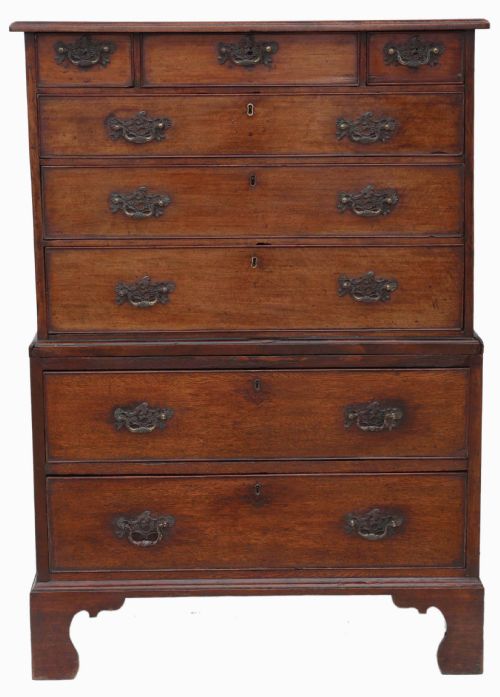 Georgian C1800 Tallboy Chest on Chest of Drawers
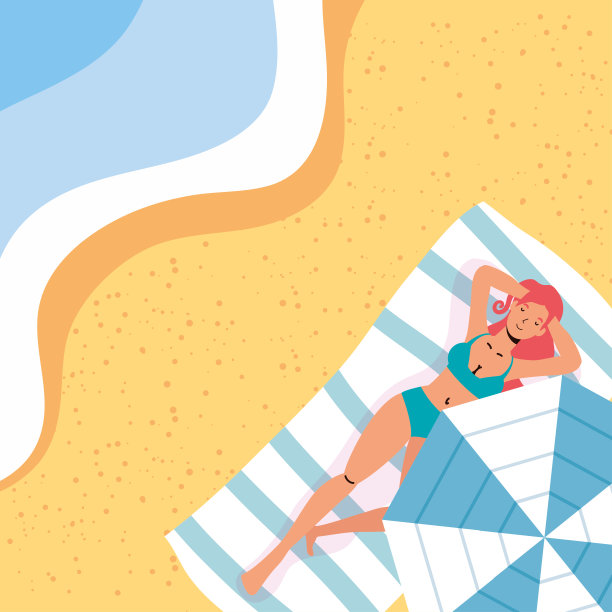 在海滩上度假的女人图片下载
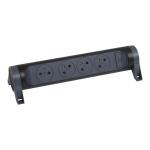 LEGRAND Rallonge 4x2p+t surface avec interrupteur sans cordon - noir/gris fonc 049466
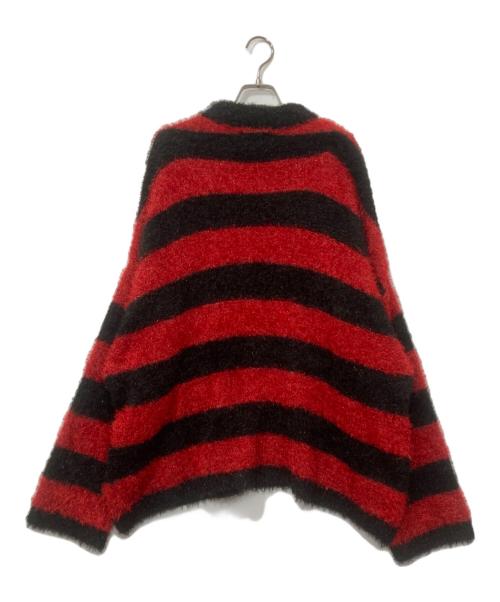 SAINT MICHAEL（セントマイケル）SAINT MICHAEL (セントマイケル) CREW NECK KNIT/GLITTER BORDER レッド×ブラック サイズ:XLの古着・服飾アイテム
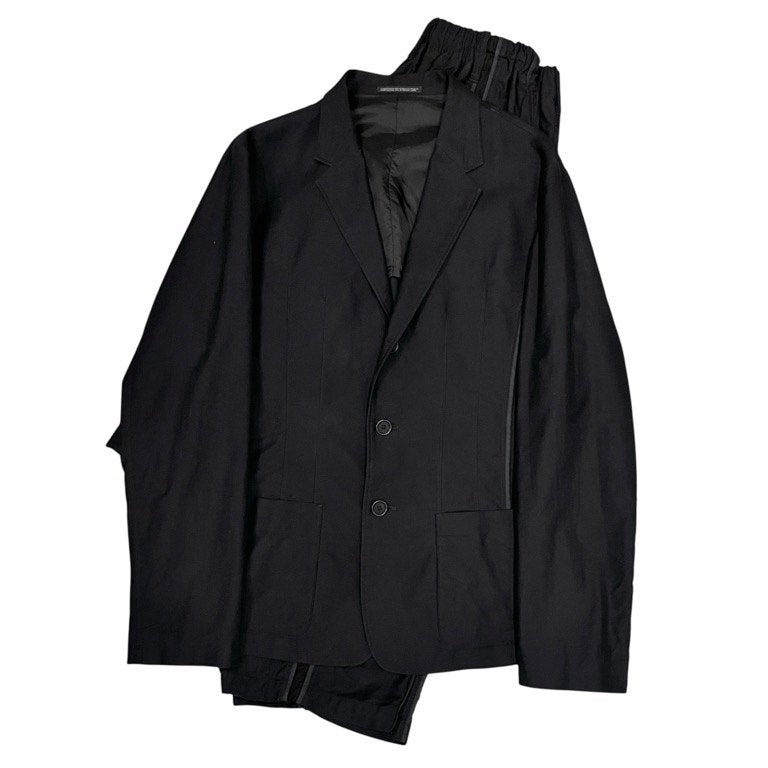 Yohji Yamamoto Pour Homme 16SS コットンギャバジンパイピングストライプセットアップスーツ LOOK1 縦線 切替 Archive テーラードジャケット サルエルパンツ ヨウジヤマモトプールオム メンズ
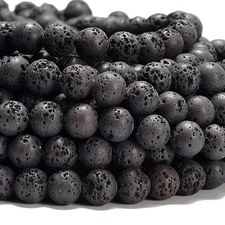 Black Lava Gemstone Round 4MM 6MM 8MM 10MM Loose Beads (D636)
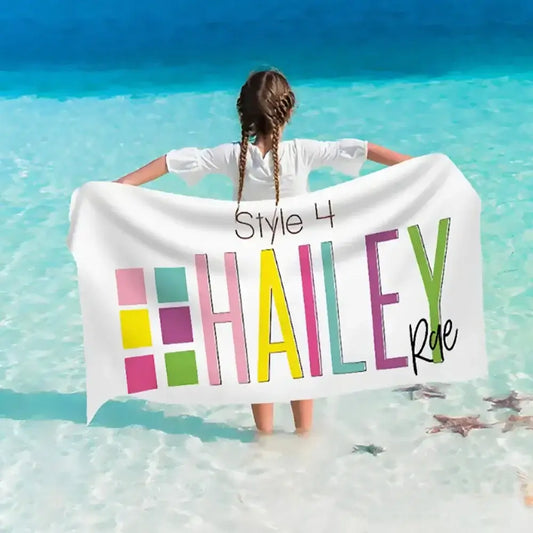 Kid's Personalized Name Multi-Color Design, Beach Towel
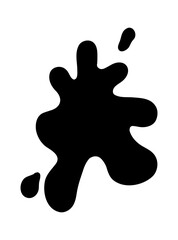 Hand drawn paint splatter and blob splash with different shapes. Blob elements drawn by ink brush-pen.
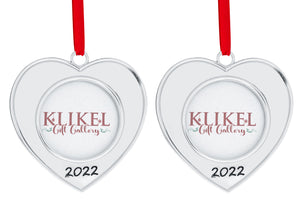 Picture Ornament For Christmas Tree 2022 - Heart Picture Frame Ornament For Tree -  2022 Picture Frame Silver Christmas Ornament Set of 4 - 2022 Christmas Frame Photo Ornament Picture Frame By Klikel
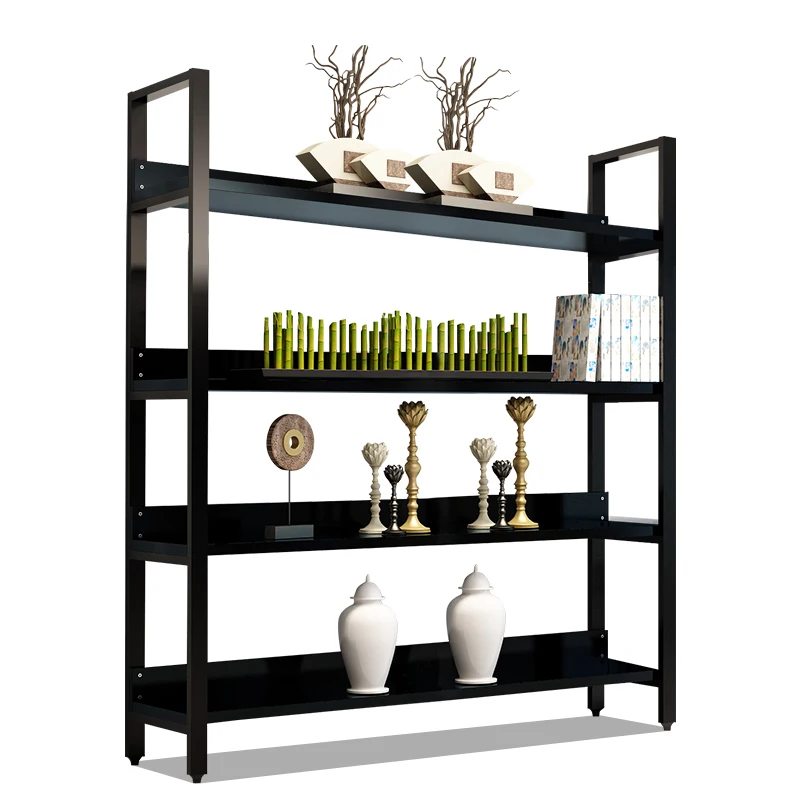 Industrial Bookshelf 4-Tier Vintage Bookcase and Bookshelves Wood and Metal Shelving Unit Display Rack and Storage Organizer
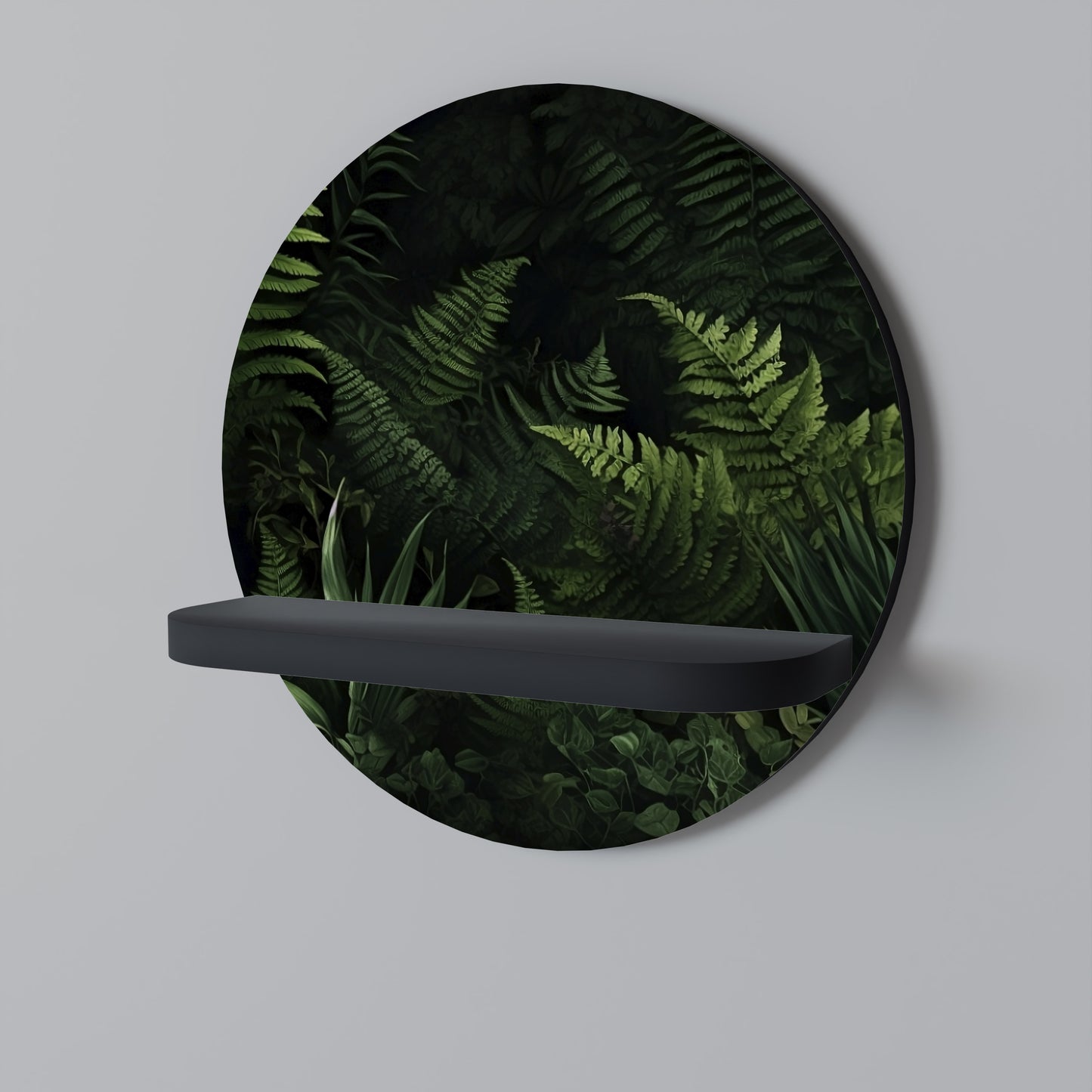 FERN SECRETS Rund konsthylla i svart finish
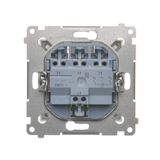 IP two-circuit switch, LED illuminated, (module), 16AX, Screw, Silver matt, metalic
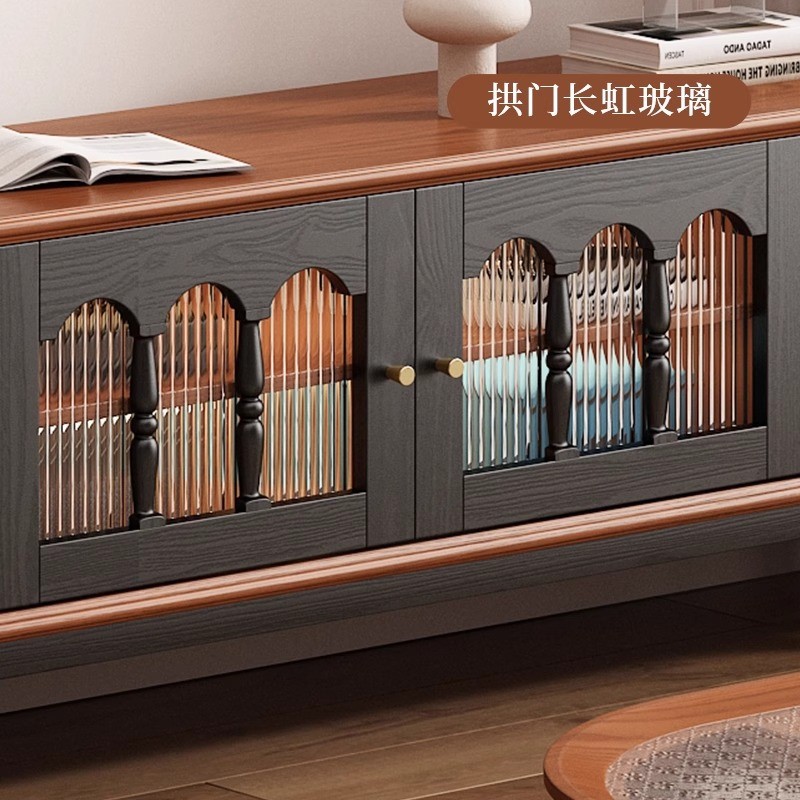 法式中古风实木电视柜法式复古客厅储物柜收纳柜小户型电视柜组合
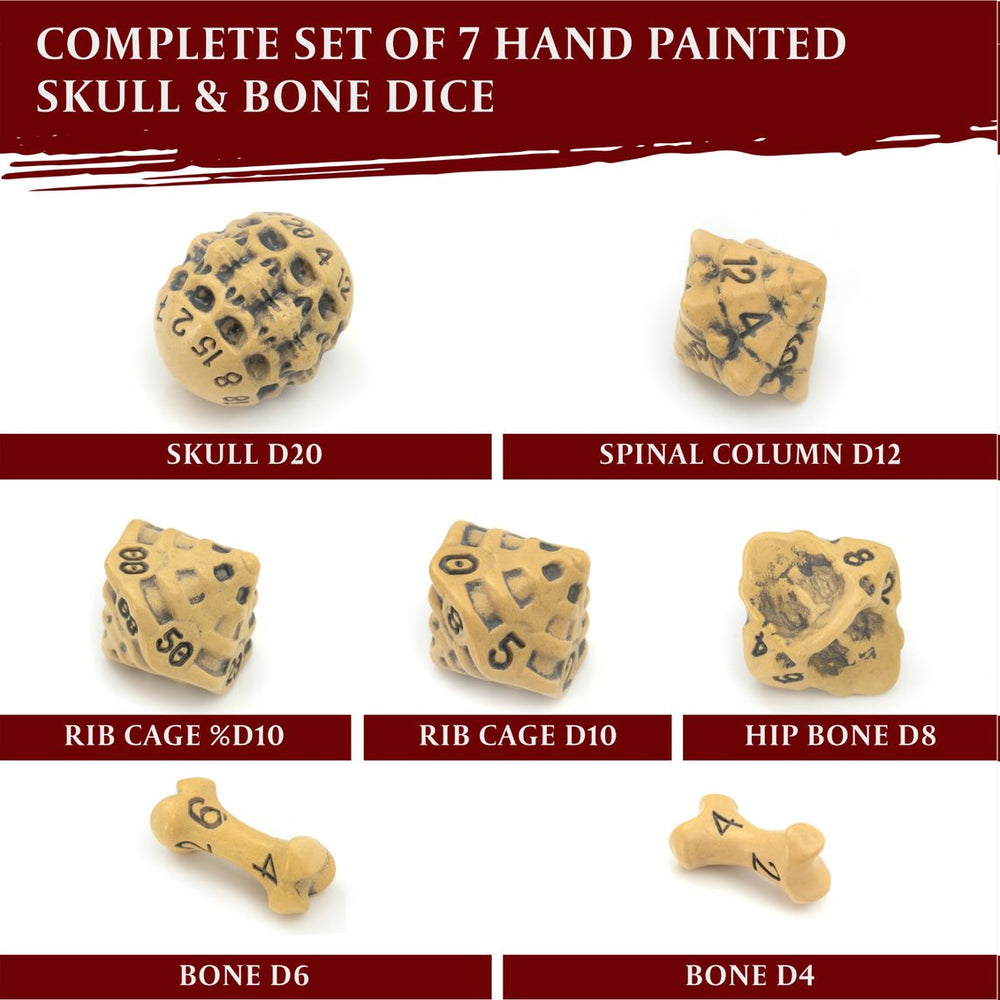 LYNX: Skull & Bone RPG Dice (Yellow)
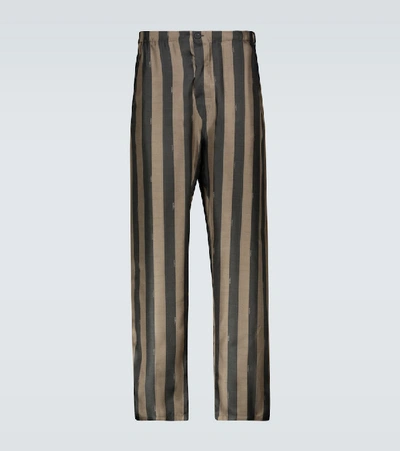 Shop Fendi Striped Silk Pants In Multicoloured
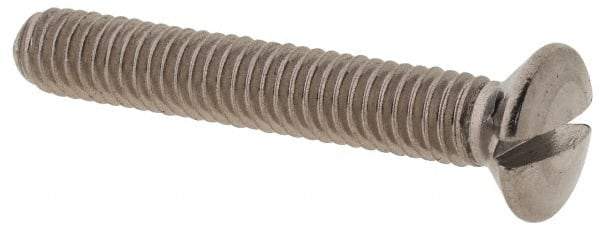 Value Collection - M4x0.70 Metric Coarse, 25mm OAL Slotted Drive Machine Screw - Oval Head, Grade 18-8 & A2 Stainless Steel, Uncoated, Without Washer - Eagle Tool & Supply
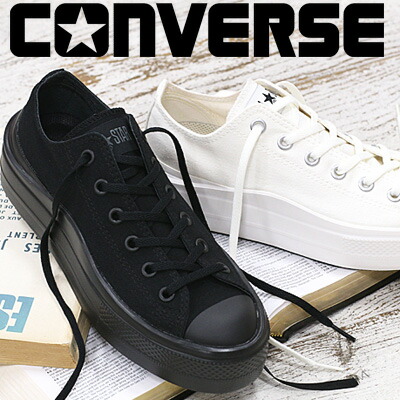 【2025年春夏再入荷】【日本正規取扱店】 CONVERSE ALL STAR LIGHT PLTS II OX (BLACK MONOCHROME) (WHITE) コンバース オールスター ライト PLTS 2 ローカット ブラックモノクローム ホワイト レディース スニーカー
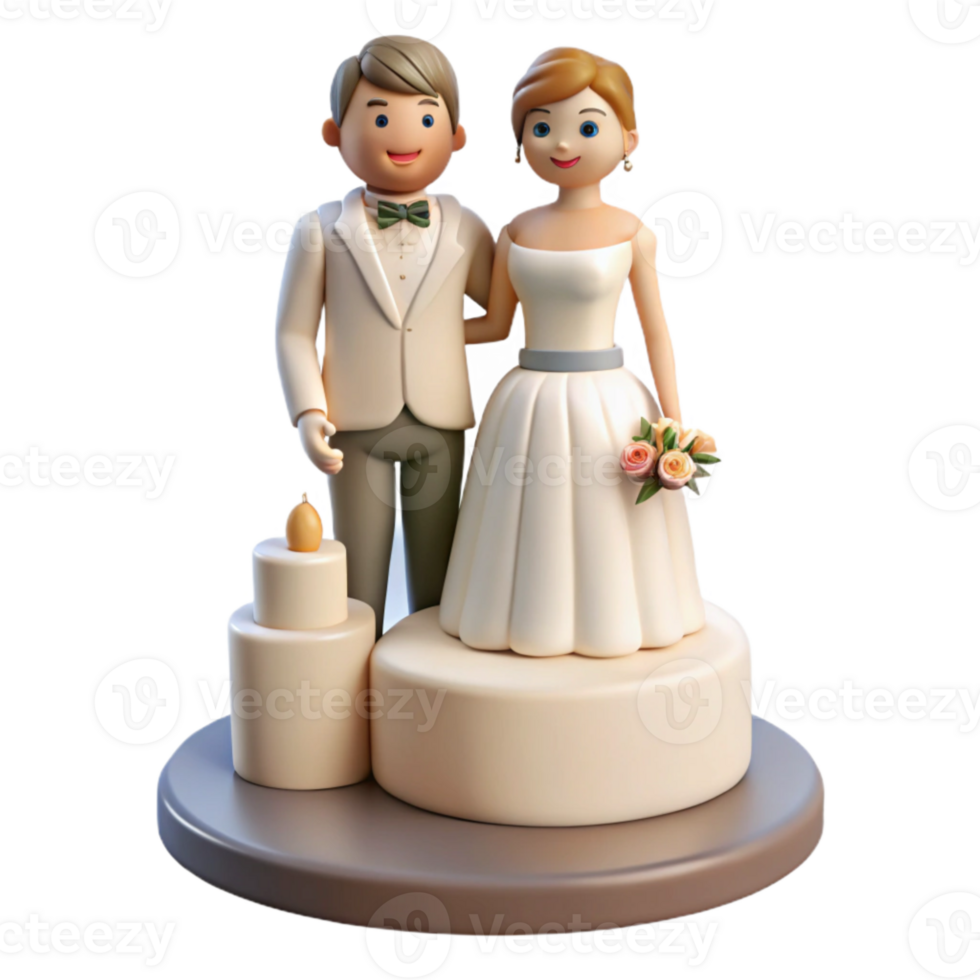 impressive artistic Wedding Cake Topper with Bride and Groom Figures Cutout exclusive png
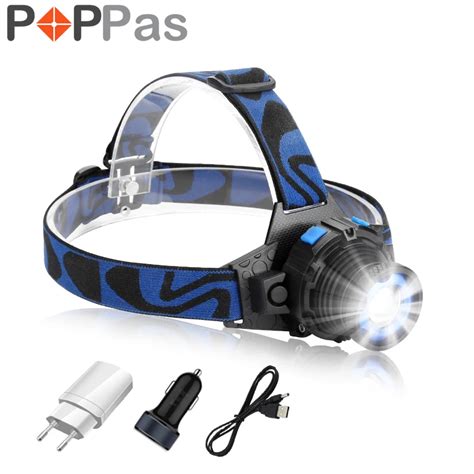 Poppas Headlamp Cree Q5 Chips Led Headlight High Bright Built In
──────────
Give back the material word for word, without images.

 Georgian C1800 Tallboy Chest on Chest of Drawers
 在海滩上度假的女人图片下载
 LEGRAND Rallonge 4x2p+t surface avec interrupteur sans cordon - noir/gris fonc 049466
 SAINT MICHAEL（セントマイケル）SAINT MICHAEL (セントマイケル) CREW NECK KNIT/GLITTER BORDER レッド×ブラック サイズ:XLの古着・服飾アイテム
 Yohji Yamamoto Pour Homme 16SS コットンギャバジンパイピングストライプセットアップスーツ LOOK1 縦線 切替 Archive テーラードジャケット サルエルパンツ ヨウジヤマモトプールオム メンズ
 Black Lava Gemstone Round 4MM 6MM 8MM 10MM Loose Beads (D636)
 Kid's Personalized Name Multi-Color Design, Beach Towel
 Hand drawn paint splatter and blob splash with different shapes. Blob elements drawn by ink brush-pen.
 Picture Ornament For Christmas Tree 2022 - Heart Picture Frame Ornament For Tree -  2022 Picture Frame Silver Christmas Ornament Set of 4 - 2022 Christmas Frame Photo Ornament Picture Frame By Klikel
 Industrial Bookshelf 4-Tier Vintage Bookcase and Bookshelves Wood and Metal Shelving Unit Display Rack and Storage Organizer
 FERN SECRETS Rund konsthylla i svart finish
 IP two-circuit switch, LED illuminated, (module), 16AX, Screw, Silver matt, metalic
 法式中古风实木电视柜法式复古客厅储物柜收纳柜小户型电视柜组合
 LYNX: Skull & Bone RPG Dice (Yellow)
 Shop Fendi Striped Silk Pants In Multicoloured
 Value Collection - M4x0.70 Metric Coarse, 25mm OAL Slotted Drive Machine Screw - Oval Head, Grade 18-8 & A2 Stainless Steel, Uncoated, Without Washer - Eagle Tool & Supply
 【2025年春夏再入荷】【日本正規取扱店】 CONVERSE ALL STAR LIGHT PLTS II OX (BLACK MONOCHROME) (WHITE) コンバース オールスター ライト PLTS 2 ローカット ブラックモノクローム ホワイト レディース スニーカー
 impressive artistic Wedding Cake Topper with Bride and Groom Figures Cutout exclusive png
 Poppas Headlamp Cree Q5 Chips Led Headlight High Bright Built In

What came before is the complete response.